_TASK ITEM_
Every line below that holds the string "snow" should be copied.

:: DATASET EXCERPTS ::

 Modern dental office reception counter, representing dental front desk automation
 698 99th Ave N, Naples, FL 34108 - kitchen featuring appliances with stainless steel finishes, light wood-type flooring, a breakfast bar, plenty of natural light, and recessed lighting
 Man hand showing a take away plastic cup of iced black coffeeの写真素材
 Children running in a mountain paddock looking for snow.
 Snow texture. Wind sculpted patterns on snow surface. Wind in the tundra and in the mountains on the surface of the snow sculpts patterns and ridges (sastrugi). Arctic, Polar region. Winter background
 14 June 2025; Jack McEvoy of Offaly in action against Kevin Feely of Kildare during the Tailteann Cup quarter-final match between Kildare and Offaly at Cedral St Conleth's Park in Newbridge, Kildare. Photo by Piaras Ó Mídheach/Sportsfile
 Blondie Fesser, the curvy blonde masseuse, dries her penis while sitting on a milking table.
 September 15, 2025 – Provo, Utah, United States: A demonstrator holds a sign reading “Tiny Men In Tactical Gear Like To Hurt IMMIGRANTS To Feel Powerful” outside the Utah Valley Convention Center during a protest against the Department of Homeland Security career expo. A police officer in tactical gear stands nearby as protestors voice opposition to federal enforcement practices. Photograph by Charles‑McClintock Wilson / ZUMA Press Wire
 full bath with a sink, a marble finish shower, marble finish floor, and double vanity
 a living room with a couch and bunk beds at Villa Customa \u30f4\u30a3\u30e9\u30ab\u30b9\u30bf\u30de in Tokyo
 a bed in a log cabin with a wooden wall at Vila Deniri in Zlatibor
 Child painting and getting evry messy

:::
:: DATASET EXCERPTS ::

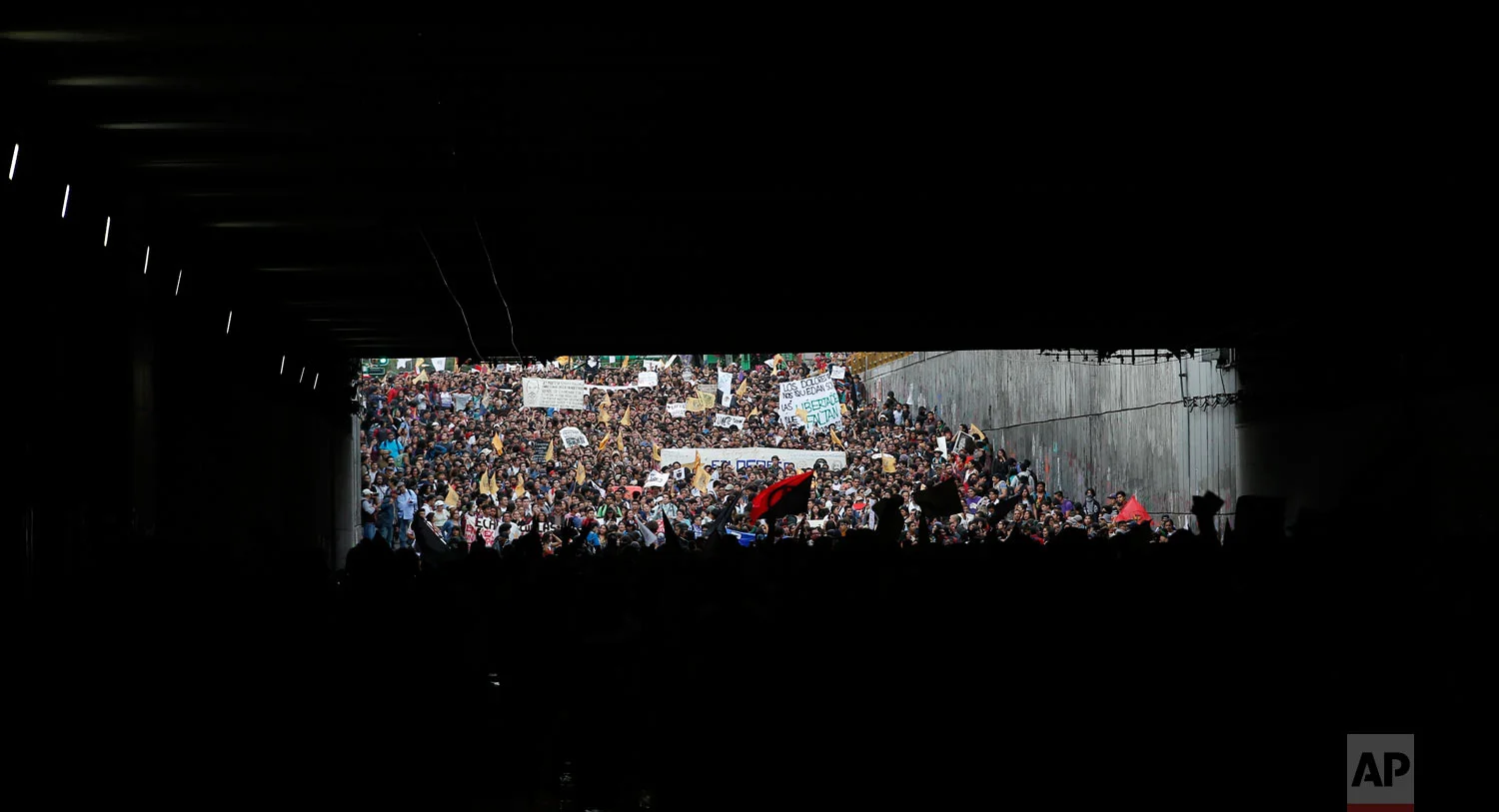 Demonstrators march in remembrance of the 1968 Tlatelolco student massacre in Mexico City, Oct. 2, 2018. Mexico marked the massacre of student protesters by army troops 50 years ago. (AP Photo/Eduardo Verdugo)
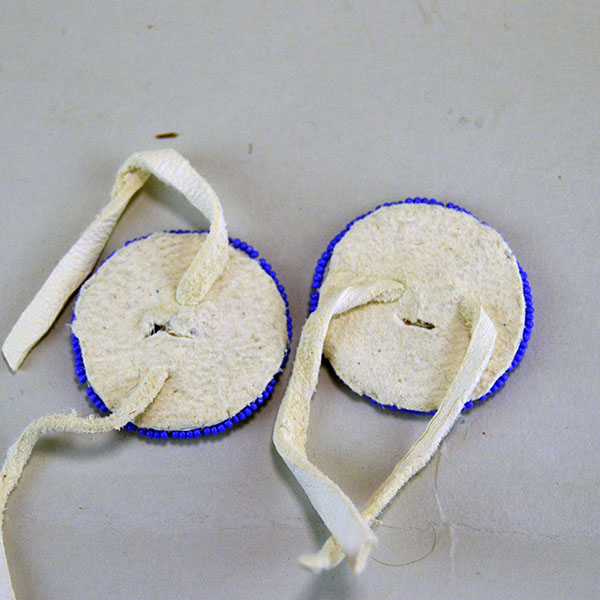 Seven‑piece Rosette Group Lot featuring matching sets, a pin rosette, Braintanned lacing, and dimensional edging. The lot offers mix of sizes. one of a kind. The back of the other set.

:::
:: DATASET EXCERPTS ::

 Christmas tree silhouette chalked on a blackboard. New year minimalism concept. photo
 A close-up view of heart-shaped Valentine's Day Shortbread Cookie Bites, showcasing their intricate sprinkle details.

:::

_SOLUTION TO THIS PROBLEM_
 Children running in a mountain paddock looking for snow.
 Snow texture. Wind sculpted patterns on snow surface. Wind in the tundra and in the mountains on the surface of the snow sculpts patterns and ridges (sastrugi). Arctic, Polar region. Winter background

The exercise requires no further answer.